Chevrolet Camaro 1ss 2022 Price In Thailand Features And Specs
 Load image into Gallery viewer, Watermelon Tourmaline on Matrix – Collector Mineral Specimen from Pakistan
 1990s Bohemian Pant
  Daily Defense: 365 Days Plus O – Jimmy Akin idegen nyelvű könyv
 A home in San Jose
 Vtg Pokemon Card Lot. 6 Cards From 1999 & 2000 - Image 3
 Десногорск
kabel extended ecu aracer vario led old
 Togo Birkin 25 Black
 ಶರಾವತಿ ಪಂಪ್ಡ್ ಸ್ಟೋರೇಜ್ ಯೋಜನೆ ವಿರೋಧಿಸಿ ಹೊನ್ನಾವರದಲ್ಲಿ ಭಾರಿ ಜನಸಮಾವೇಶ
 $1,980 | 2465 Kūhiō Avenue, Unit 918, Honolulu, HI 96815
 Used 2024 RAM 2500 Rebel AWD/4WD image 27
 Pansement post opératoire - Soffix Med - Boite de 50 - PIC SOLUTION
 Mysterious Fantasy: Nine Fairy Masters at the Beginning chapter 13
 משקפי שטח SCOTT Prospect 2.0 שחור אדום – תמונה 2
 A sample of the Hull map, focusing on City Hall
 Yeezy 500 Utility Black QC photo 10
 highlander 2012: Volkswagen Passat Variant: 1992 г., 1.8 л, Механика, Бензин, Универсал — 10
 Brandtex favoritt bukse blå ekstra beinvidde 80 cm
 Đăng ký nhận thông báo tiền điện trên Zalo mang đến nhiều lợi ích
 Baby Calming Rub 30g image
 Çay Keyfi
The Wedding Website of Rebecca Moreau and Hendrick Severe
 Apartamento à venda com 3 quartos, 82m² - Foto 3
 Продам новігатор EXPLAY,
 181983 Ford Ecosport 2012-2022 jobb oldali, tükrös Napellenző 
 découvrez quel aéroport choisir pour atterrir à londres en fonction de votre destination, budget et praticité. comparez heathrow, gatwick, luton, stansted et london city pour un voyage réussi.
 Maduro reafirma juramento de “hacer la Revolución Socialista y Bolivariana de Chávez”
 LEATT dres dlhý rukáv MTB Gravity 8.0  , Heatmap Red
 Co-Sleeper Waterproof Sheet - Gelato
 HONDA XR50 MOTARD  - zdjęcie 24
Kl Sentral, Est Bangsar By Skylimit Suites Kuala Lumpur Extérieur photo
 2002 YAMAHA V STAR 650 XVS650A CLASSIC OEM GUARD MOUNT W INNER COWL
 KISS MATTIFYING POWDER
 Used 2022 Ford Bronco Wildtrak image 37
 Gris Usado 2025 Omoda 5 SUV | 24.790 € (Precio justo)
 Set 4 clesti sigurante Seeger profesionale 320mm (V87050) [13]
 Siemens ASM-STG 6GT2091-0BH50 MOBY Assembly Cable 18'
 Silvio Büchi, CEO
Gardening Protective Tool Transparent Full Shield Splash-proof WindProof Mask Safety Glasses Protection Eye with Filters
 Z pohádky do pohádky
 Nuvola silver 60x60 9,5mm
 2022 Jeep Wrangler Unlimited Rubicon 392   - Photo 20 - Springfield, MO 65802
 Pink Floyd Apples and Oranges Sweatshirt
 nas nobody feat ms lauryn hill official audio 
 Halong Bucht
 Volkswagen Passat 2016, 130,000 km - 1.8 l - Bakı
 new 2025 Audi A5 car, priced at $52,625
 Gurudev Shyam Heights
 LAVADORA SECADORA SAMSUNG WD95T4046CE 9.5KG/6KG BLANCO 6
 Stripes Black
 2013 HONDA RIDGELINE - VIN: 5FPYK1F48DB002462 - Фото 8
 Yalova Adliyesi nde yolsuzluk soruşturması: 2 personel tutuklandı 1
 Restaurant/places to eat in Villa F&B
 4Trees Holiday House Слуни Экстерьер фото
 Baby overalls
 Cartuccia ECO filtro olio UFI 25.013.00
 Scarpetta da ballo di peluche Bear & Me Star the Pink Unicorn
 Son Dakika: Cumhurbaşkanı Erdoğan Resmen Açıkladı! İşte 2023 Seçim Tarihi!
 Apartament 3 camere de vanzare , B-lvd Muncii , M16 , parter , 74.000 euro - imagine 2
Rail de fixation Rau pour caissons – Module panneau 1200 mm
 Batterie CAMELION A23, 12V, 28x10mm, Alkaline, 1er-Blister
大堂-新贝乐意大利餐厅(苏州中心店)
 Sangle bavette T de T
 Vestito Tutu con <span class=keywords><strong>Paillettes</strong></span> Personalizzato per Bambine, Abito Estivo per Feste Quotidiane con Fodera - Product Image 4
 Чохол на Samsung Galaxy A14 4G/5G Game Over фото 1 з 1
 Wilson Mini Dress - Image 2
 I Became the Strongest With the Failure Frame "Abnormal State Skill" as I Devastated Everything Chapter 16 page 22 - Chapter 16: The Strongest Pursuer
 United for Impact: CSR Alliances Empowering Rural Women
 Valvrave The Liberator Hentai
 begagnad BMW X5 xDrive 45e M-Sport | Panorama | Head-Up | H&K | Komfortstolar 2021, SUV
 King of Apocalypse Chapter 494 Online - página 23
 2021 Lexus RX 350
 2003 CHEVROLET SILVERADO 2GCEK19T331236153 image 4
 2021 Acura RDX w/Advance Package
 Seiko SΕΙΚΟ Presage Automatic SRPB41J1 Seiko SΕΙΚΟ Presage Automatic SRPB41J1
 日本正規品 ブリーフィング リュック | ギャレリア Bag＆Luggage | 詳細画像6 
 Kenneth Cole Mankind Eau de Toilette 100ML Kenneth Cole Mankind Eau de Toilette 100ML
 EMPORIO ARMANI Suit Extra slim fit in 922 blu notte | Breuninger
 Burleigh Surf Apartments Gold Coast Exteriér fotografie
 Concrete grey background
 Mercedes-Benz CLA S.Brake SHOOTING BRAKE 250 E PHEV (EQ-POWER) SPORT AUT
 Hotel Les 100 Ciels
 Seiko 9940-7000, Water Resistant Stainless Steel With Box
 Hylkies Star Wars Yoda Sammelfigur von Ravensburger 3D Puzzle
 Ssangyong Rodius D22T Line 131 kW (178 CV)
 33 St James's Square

What you have to do >>
Write out the entire listing so that each line matches the original exactly.

Solution to this task >>
Chevrolet Camaro 1ss 2022 Price In Thailand Features And Specs
 Load image into Gallery viewer, Watermelon Tourmaline on Matrix – Collector Mineral Specimen from Pakistan
 1990s Bohemian Pant
  Daily Defense: 365 Days Plus O – Jimmy Akin idegen nyelvű könyv
 A home in San Jose
 Vtg Pokemon Card Lot. 6 Cards From 1999 & 2000 - Image 3
 Десногорск
kabel extended ecu aracer vario led old
 Togo Birkin 25 Black
 ಶರಾವತಿ ಪಂಪ್ಡ್ ಸ್ಟೋರೇಜ್ ಯೋಜನೆ ವಿರೋಧಿಸಿ ಹೊನ್ನಾವರದಲ್ಲಿ ಭಾರಿ ಜನಸಮಾವೇಶ
 $1,980 | 2465 Kūhiō Avenue, Unit 918, Honolulu, HI 96815
 Used 2024 RAM 2500 Rebel AWD/4WD image 27
 Pansement post opératoire - Soffix Med - Boite de 50 - PIC SOLUTION
 Mysterious Fantasy: Nine Fairy Masters at the Beginning chapter 13
 משקפי שטח SCOTT Prospect 2.0 שחור אדום – תמונה 2
 A sample of the Hull map, focusing on City Hall
 Yeezy 500 Utility Black QC photo 10
 highlander 2012: Volkswagen Passat Variant: 1992 г., 1.8 л, Механика, Бензин, Универсал — 10
 Brandtex favoritt bukse blå ekstra beinvidde 80 cm
 Đăng ký nhận thông báo tiền điện trên Zalo mang đến nhiều lợi ích
 Baby Calming Rub 30g image
 Çay Keyfi
The Wedding Website of Rebecca Moreau and Hendrick Severe
 Apartamento à venda com 3 quartos, 82m² - Foto 3
 Продам новігатор EXPLAY,
 181983 Ford Ecosport 2012-2022 jobb oldali, tükrös Napellenző 
 découvrez quel aéroport choisir pour atterrir à londres en fonction de votre destination, budget et praticité. comparez heathrow, gatwick, luton, stansted et london city pour un voyage réussi.
 Maduro reafirma juramento de “hacer la Revolución Socialista y Bolivariana de Chávez”
 LEATT dres dlhý rukáv MTB Gravity 8.0  , Heatmap Red
 Co-Sleeper Waterproof Sheet - Gelato
 HONDA XR50 MOTARD  - zdjęcie 24
Kl Sentral, Est Bangsar By Skylimit Suites Kuala Lumpur Extérieur photo
 2002 YAMAHA V STAR 650 XVS650A CLASSIC OEM GUARD MOUNT W INNER COWL
 KISS MATTIFYING POWDER
 Used 2022 Ford Bronco Wildtrak image 37
 Gris Usado 2025 Omoda 5 SUV | 24.790 € (Precio justo)
 Set 4 clesti sigurante Seeger profesionale 320mm (V87050) [13]
 Siemens ASM-STG 6GT2091-0BH50 MOBY Assembly Cable 18'
 Silvio Büchi, CEO
Gardening Protective Tool Transparent Full Shield Splash-proof WindProof Mask Safety Glasses Protection Eye with Filters
 Z pohádky do pohádky
 Nuvola silver 60x60 9,5mm
 2022 Jeep Wrangler Unlimited Rubicon 392   - Photo 20 - Springfield, MO 65802
 Pink Floyd Apples and Oranges Sweatshirt
 nas nobody feat ms lauryn hill official audio 
 Halong Bucht
 Volkswagen Passat 2016, 130,000 km - 1.8 l - Bakı
 new 2025 Audi A5 car, priced at $52,625
 Gurudev Shyam Heights
 LAVADORA SECADORA SAMSUNG WD95T4046CE 9.5KG/6KG BLANCO 6
 Stripes Black
 2013 HONDA RIDGELINE - VIN: 5FPYK1F48DB002462 - Фото 8
 Yalova Adliyesi nde yolsuzluk soruşturması: 2 personel tutuklandı 1
 Restaurant/places to eat in Villa F&B
 4Trees Holiday House Слуни Экстерьер фото
 Baby overalls
 Cartuccia ECO filtro olio UFI 25.013.00
 Scarpetta da ballo di peluche Bear & Me Star the Pink Unicorn
 Son Dakika: Cumhurbaşkanı Erdoğan Resmen Açıkladı! İşte 2023 Seçim Tarihi!
 Apartament 3 camere de vanzare , B-lvd Muncii , M16 , parter , 74.000 euro - imagine 2
Rail de fixation Rau pour caissons – Module panneau 1200 mm
 Batterie CAMELION A23, 12V, 28x10mm, Alkaline, 1er-Blister
大堂-新贝乐意大利餐厅(苏州中心店)
 Sangle bavette T de T
 Vestito Tutu con <span class=keywords><strong>Paillettes</strong></span> Personalizzato per Bambine, Abito Estivo per Feste Quotidiane con Fodera - Product Image 4
 Чохол на Samsung Galaxy A14 4G/5G Game Over фото 1 з 1
 Wilson Mini Dress - Image 2
 I Became the Strongest With the Failure Frame "Abnormal State Skill" as I Devastated Everything Chapter 16 page 22 - Chapter 16: The Strongest Pursuer
 United for Impact: CSR Alliances Empowering Rural Women
 Valvrave The Liberator Hentai
 begagnad BMW X5 xDrive 45e M-Sport | Panorama | Head-Up | H&K | Komfortstolar 2021, SUV
 King of Apocalypse Chapter 494 Online - página 23
 2021 Lexus RX 350
 2003 CHEVROLET SILVERADO 2GCEK19T331236153 image 4
 2021 Acura RDX w/Advance Package
 Seiko SΕΙΚΟ Presage Automatic SRPB41J1 Seiko SΕΙΚΟ Presage Automatic SRPB41J1
 日本正規品 ブリーフィング リュック | ギャレリア Bag＆Luggage | 詳細画像6 
 Kenneth Cole Mankind Eau de Toilette 100ML Kenneth Cole Mankind Eau de Toilette 100ML
 EMPORIO ARMANI Suit Extra slim fit in 922 blu notte | Breuninger
 Burleigh Surf Apartments Gold Coast Exteriér fotografie
 Concrete grey background
 Mercedes-Benz CLA S.Brake SHOOTING BRAKE 250 E PHEV (EQ-POWER) SPORT AUT
 Hotel Les 100 Ciels
 Seiko 9940-7000, Water Resistant Stainless Steel With Box
 Hylkies Star Wars Yoda Sammelfigur von Ravensburger 3D Puzzle
 Ssangyong Rodius D22T Line 131 kW (178 CV)
 33 St James's Square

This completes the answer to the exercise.